Information shown below:
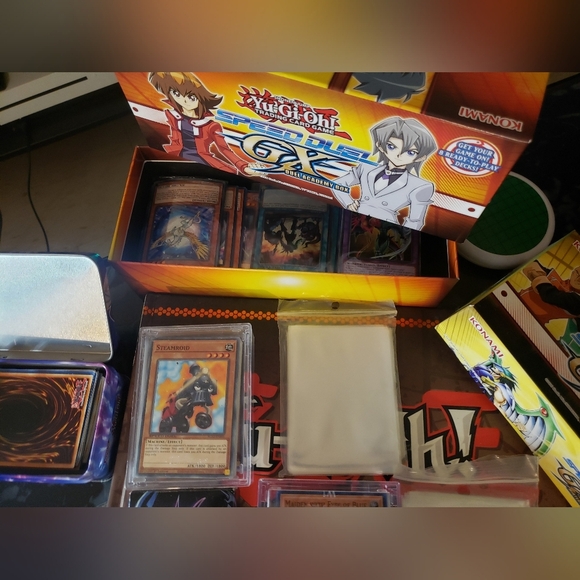 Massive YuGiOh Collection - Picture 3 of 13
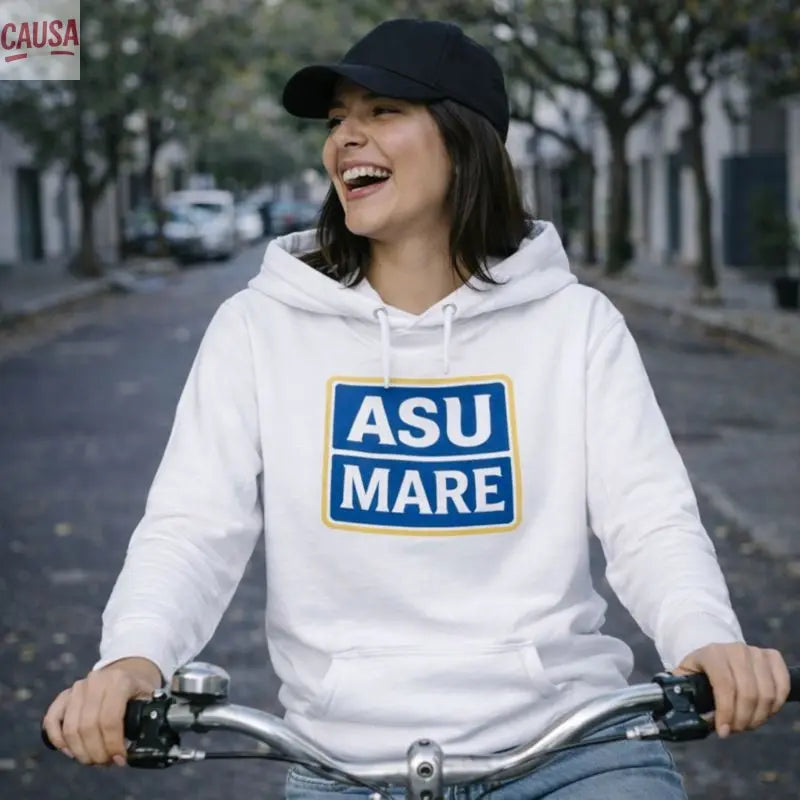 Sudadera Perú | Asu mare Causa
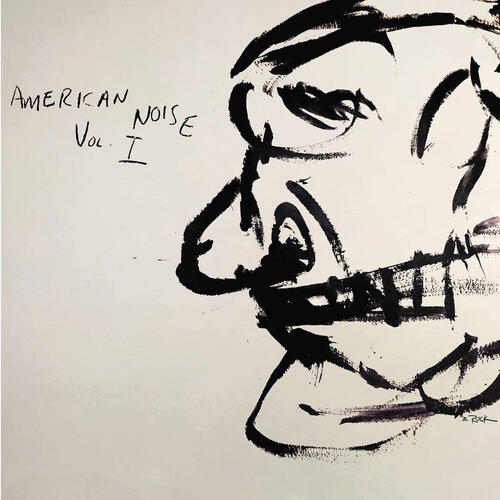 Diverse Artister American Noise Volume One (LP) 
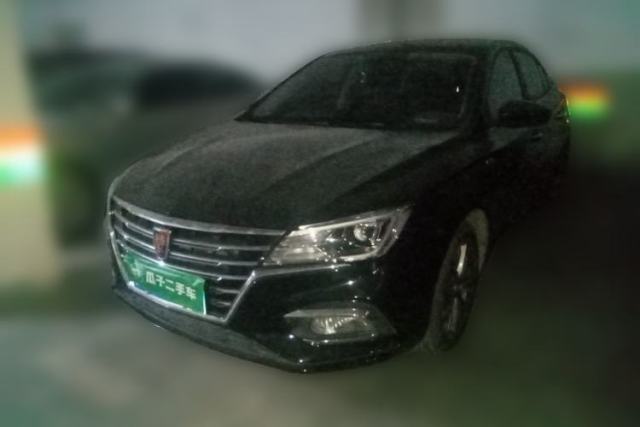 Used Roewe i5 2019 1.5L Manual 4G Connectable Langhao Edition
End of Information shown.
# Task description
Pictures do not belong in the copy. Repeat exactly each line from the one with "Diverse Artister American" through the end of the listing.

# Answer space
 Diverse Artister American Noise Volume One (LP) 
 Used Roewe i5 2019 1.5L Manual 4G Connectable Langhao Edition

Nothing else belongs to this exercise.